AHFS class

class ahfs_class.ahfs.AHFS(k: int, data_bin: int = 5, target_bin: int = 2, save_precomp: bool = True, save_precomp_path: str | None = None, load_precomp_path: str | None = None, is_in_pipeline: bool = False, verbose: int = 1)
__init__(k: int, data_bin: int = 5, target_bin: int = 2, save_precomp: bool = True, save_precomp_path: str | None = None, load_precomp_path: str | None = None, is_in_pipeline: bool = False, verbose: int = 1)

Implements the Adaptive Hybrid Feature Selection (AHFS) algorithm by Viharos et al. https://doi.org/10.1016/j.patcog.2021.107932

Parameters:
  • k (int) – Number of features to select.

  • data_bin (int) – How many bins to discretize the dataset into, excluding the target variable. If 0, no discretization is performed. Default value is 5.

  • target_bin (int) – How many bins to discretize the target into. Effectively sets the number of classes. If 0, no discretization is performed. Default value is 2.

  • save_precomp (bool) – Whether to save all basic measures computed during the precomputing phase in a binary .npy file. Path is set by save_precomp_path. Default value is True.

  • save_precomp_path (str | None) – If save_precomp is True, sets the path for saving the precomputed basic measures. If this variable’s value is None, saves into the current directory with filename format “measures_{time.time_ns()}.npy”. Default value is None.
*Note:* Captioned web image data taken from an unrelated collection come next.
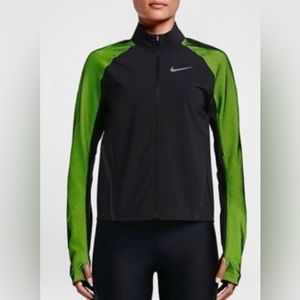 SALE | NIKE Women's Running Athletic Jacket Flex Twill Stadium Volt Reflective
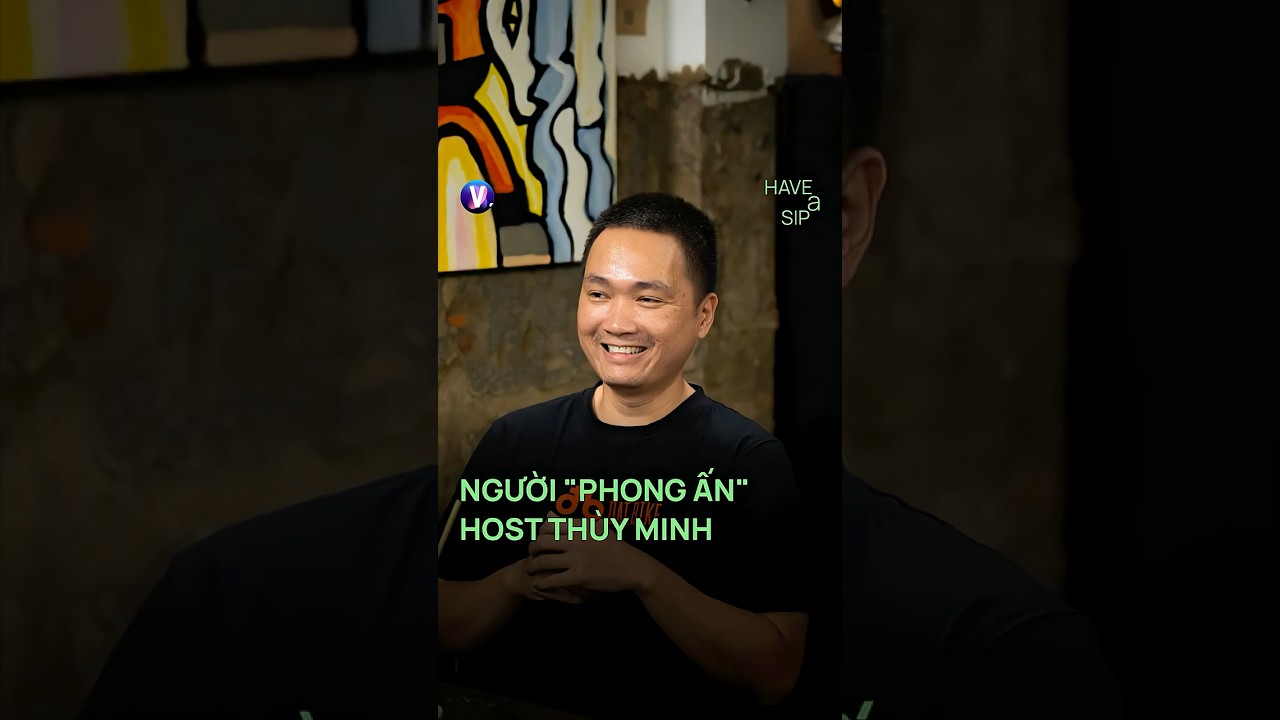 Người "phong ấn" host Thùy Minh Người "phong ấn" host Thùy Minh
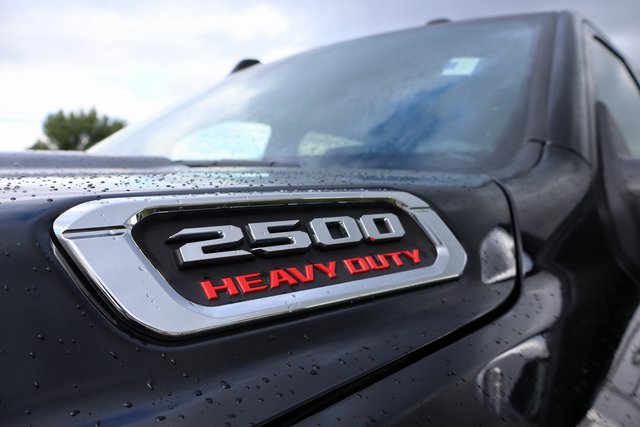 Used 2025 RAM 2500 Laramie image 9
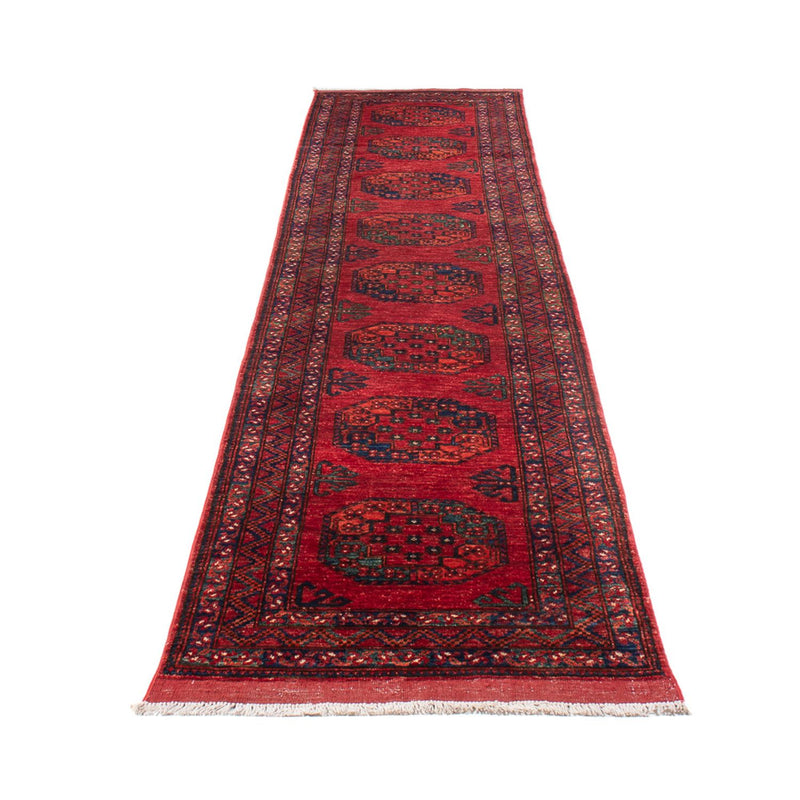 Afghánský koberec 76x395cm - Orientální koberec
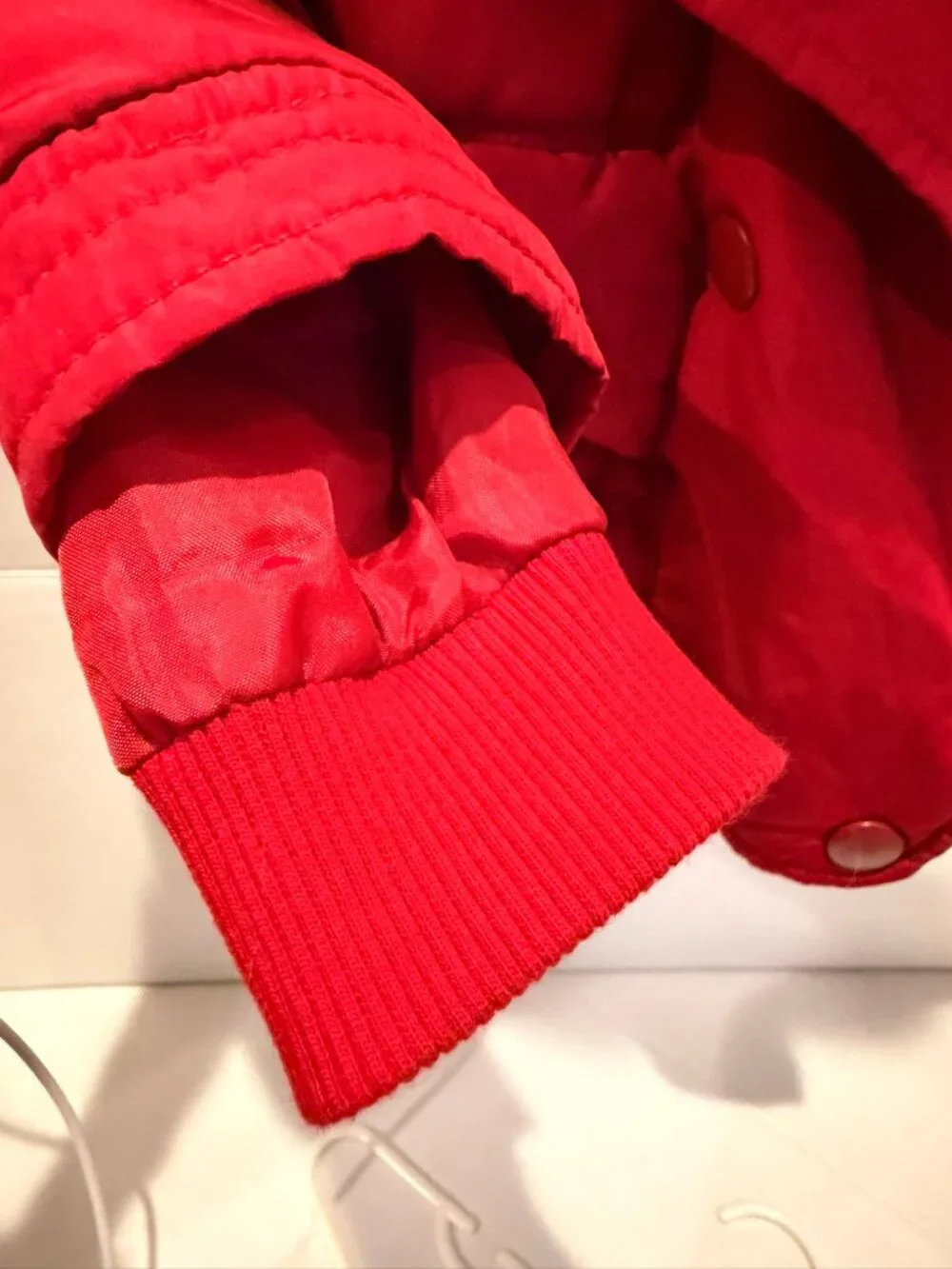 Toddler Puffer Jacket
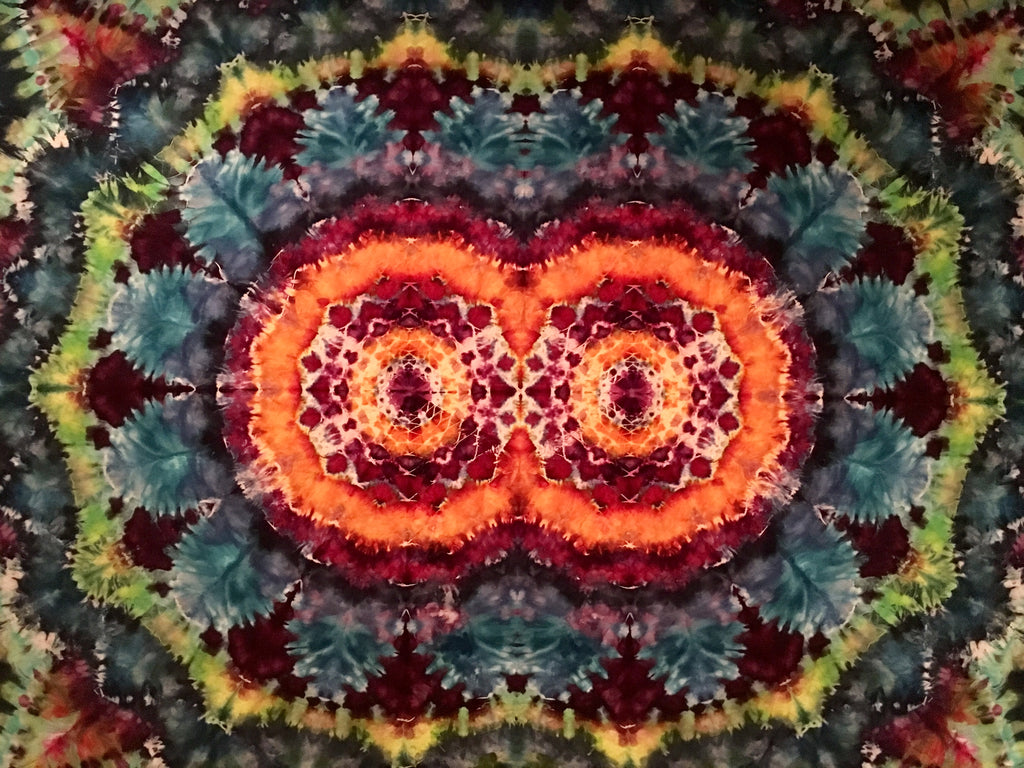 Tapestry, 110" x 90" Cotton, Clearance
  • load_precomp_path (str | None) – Path to load the precomputed basic measures from, skipping the precomputing phase. File must be a binary numpy file. If None, precomputing is not skipped. Default value is None.

  • is_in_pipeline (bool) – Set to True if the algorithm is intended to be part of a scikit-learn pipeline. Changes the return value of transform() to X and y. Default value is False.

  • verbose (int) – Controls global verbosity, including feature selection measures. 0: no output, 1: feature selection measure execution time, selected feature and metric, and basic algorithm steps are printed, 2: all steps are printed. Default value is 1.

entropies_wrapper(index: tuple[int, int] | tuple[int, int, int]) list[float, tuple]
evaluate() tuple[int, float | floating, float | floating]

Evaluates the selected feature set using a specific evaluator.

Returns:

The newly selected feature, loss, accuracy.

Return type:

tuple[int, float, float]

fit(X: ndarray, y: ndarray) None

Placeholder function to ensure compatibility with scikit-learn interface.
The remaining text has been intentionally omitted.